*** Opening Input material ***
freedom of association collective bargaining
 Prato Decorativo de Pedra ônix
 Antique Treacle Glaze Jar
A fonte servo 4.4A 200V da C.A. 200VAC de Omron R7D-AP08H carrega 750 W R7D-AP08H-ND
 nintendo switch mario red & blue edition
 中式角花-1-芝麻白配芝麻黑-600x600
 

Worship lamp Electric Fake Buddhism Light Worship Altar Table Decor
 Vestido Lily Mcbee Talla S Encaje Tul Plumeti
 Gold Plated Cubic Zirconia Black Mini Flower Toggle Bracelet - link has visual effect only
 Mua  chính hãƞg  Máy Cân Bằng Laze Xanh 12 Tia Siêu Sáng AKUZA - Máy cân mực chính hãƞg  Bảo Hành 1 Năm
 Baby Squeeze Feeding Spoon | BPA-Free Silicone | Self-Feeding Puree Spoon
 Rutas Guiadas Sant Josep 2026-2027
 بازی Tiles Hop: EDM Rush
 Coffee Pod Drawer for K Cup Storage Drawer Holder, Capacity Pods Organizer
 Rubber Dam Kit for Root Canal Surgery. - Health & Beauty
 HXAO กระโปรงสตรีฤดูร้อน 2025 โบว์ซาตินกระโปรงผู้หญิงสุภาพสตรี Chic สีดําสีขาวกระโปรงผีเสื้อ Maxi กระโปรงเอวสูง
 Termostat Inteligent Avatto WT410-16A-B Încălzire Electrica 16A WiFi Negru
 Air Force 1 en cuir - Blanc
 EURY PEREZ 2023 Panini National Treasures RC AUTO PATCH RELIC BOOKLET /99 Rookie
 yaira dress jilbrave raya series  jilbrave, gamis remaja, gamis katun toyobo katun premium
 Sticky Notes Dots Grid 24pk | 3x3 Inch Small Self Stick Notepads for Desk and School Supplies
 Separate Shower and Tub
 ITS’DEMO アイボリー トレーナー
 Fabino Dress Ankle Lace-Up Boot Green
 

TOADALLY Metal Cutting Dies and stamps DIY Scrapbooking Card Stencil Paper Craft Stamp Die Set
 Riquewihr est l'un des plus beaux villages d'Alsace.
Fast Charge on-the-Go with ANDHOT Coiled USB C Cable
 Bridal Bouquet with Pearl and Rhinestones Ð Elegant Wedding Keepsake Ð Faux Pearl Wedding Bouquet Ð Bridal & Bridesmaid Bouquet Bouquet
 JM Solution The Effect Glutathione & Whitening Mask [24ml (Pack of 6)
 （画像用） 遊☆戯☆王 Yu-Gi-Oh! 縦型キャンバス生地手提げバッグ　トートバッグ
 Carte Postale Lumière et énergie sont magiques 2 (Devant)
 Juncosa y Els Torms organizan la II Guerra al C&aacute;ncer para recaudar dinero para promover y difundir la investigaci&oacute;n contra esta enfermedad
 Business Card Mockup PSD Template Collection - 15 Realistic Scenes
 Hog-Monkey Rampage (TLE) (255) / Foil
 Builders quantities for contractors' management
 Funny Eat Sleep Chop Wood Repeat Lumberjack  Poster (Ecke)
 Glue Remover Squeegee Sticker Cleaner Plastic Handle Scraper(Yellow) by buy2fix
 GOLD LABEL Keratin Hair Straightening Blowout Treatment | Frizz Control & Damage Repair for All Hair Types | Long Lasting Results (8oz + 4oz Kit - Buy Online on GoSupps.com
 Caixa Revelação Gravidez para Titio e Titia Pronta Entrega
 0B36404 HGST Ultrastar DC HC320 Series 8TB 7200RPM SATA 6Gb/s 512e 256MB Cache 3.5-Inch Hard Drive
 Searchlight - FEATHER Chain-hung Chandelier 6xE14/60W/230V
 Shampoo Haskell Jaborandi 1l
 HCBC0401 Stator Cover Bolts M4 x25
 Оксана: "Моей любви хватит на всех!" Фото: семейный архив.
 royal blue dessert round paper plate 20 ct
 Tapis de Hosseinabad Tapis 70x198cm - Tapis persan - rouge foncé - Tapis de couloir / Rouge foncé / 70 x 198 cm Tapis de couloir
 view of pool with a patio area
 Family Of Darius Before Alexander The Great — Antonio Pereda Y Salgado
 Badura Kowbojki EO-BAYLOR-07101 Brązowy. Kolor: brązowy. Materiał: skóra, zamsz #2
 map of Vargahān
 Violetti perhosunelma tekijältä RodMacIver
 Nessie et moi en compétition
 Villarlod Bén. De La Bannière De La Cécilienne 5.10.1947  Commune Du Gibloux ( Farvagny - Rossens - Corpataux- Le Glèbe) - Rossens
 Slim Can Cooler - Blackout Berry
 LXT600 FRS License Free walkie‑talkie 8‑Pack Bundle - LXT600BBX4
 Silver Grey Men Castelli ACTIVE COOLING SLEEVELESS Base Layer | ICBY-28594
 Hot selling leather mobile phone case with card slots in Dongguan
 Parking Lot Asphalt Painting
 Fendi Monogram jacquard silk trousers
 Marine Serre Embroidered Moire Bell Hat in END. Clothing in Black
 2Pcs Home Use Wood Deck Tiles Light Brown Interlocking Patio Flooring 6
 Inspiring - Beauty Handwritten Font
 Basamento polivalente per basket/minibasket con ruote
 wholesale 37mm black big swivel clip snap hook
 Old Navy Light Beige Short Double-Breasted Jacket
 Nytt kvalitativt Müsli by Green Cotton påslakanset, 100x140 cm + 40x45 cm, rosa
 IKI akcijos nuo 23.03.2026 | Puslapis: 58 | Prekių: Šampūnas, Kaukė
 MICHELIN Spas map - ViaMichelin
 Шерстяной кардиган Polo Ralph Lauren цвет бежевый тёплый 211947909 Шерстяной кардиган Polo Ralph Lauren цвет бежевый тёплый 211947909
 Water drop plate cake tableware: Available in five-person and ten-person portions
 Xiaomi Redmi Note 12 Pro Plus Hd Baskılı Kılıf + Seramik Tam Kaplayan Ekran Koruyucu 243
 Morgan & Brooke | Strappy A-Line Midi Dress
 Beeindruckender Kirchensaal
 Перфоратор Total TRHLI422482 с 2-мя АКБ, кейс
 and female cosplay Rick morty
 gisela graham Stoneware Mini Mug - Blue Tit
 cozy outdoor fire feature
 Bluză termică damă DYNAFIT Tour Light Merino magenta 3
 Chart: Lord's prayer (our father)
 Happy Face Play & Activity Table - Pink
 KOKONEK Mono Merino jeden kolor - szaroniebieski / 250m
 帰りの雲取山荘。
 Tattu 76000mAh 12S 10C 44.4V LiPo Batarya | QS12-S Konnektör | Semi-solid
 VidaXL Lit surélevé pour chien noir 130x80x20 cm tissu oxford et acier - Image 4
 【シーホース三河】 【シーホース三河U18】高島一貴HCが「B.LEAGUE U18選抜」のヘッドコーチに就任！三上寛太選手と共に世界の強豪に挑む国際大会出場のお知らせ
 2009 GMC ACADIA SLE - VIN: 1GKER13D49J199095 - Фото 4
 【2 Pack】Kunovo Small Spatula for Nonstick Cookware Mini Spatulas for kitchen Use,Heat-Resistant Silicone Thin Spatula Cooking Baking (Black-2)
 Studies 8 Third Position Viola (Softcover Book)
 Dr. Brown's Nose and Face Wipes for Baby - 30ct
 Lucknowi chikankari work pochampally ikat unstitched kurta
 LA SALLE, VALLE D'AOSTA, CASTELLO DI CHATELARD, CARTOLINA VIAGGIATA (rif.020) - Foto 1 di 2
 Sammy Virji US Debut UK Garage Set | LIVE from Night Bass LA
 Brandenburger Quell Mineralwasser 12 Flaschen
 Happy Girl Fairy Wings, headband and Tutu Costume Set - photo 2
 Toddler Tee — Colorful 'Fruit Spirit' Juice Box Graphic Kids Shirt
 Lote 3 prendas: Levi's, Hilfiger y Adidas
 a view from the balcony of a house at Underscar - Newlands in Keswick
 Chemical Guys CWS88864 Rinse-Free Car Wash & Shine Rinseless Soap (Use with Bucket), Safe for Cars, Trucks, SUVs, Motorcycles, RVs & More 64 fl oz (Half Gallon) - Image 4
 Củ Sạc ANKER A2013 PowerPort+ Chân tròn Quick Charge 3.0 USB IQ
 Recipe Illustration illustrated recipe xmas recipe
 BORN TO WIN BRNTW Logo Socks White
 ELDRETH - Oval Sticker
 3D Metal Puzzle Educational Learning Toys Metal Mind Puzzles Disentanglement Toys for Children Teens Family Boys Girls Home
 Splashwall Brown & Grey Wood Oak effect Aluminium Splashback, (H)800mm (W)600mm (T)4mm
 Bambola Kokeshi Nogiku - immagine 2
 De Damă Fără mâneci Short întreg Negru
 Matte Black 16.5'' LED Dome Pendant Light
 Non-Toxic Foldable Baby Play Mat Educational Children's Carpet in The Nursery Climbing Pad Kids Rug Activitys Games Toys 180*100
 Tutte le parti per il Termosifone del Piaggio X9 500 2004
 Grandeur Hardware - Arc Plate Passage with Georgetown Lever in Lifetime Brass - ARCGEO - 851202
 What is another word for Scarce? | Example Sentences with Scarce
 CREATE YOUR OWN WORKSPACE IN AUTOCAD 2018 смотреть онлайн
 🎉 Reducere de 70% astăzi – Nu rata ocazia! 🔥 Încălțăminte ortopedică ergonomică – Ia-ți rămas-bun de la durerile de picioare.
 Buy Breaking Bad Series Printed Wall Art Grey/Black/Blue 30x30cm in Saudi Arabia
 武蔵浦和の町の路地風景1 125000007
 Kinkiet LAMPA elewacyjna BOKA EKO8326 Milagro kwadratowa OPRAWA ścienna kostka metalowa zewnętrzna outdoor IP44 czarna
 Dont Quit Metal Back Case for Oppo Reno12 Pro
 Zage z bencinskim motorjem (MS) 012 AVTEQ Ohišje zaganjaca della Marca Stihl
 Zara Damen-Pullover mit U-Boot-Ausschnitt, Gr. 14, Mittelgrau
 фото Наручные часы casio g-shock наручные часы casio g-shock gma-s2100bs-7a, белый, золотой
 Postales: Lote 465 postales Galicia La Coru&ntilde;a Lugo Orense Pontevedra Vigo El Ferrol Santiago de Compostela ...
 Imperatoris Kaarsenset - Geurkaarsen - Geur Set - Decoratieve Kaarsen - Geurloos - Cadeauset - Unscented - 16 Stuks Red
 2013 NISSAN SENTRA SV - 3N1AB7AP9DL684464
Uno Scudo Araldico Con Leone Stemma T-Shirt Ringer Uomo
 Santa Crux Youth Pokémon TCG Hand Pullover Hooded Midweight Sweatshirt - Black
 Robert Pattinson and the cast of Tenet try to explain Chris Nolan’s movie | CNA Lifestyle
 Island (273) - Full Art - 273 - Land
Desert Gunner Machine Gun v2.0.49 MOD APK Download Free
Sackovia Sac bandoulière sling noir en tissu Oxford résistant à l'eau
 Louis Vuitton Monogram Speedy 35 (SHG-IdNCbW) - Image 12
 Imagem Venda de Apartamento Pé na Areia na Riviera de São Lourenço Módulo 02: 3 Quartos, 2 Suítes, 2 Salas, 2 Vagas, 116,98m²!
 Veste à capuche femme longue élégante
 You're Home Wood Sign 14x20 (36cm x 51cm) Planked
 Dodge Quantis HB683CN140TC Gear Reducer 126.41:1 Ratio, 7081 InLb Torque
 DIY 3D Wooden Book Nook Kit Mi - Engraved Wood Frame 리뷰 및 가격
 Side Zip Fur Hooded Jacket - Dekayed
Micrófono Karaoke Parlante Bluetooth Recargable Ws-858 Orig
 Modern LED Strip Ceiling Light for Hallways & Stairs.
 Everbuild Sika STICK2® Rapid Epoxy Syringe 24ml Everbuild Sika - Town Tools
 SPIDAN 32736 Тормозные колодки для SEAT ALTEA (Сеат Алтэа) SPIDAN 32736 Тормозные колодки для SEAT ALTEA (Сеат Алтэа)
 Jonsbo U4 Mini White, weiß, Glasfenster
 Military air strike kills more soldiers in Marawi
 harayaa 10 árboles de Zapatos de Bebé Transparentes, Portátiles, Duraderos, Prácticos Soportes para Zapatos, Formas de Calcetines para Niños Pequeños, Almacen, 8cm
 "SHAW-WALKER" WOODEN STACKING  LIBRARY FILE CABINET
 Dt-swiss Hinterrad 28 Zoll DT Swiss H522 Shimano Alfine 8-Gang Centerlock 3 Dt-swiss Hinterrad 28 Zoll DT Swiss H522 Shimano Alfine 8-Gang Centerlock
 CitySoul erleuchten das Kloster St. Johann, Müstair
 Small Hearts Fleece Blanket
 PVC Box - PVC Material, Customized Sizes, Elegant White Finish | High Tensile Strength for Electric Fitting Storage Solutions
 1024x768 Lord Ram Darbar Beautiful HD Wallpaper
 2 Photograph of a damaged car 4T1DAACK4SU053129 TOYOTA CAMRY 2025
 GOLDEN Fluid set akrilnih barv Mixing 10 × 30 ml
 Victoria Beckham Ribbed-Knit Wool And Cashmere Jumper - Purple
*** Closing Input material ***
- _Task details_:
Extract exactly and only the lines above from the line containing "Brandenburger Quell Mineralwasser" through the line containing "Lote 3 prendas: Levi's, Hilfiger y Adidas", both end lines included.

- _Exercise answer_:
 Brandenburger Quell Mineralwasser 12 Flaschen
 Happy Girl Fairy Wings, headband and Tutu Costume Set - photo 2
 Toddler Tee — Colorful 'Fruit Spirit' Juice Box Graphic Kids Shirt
 Lote 3 prendas: Levi's, Hilfiger y Adidas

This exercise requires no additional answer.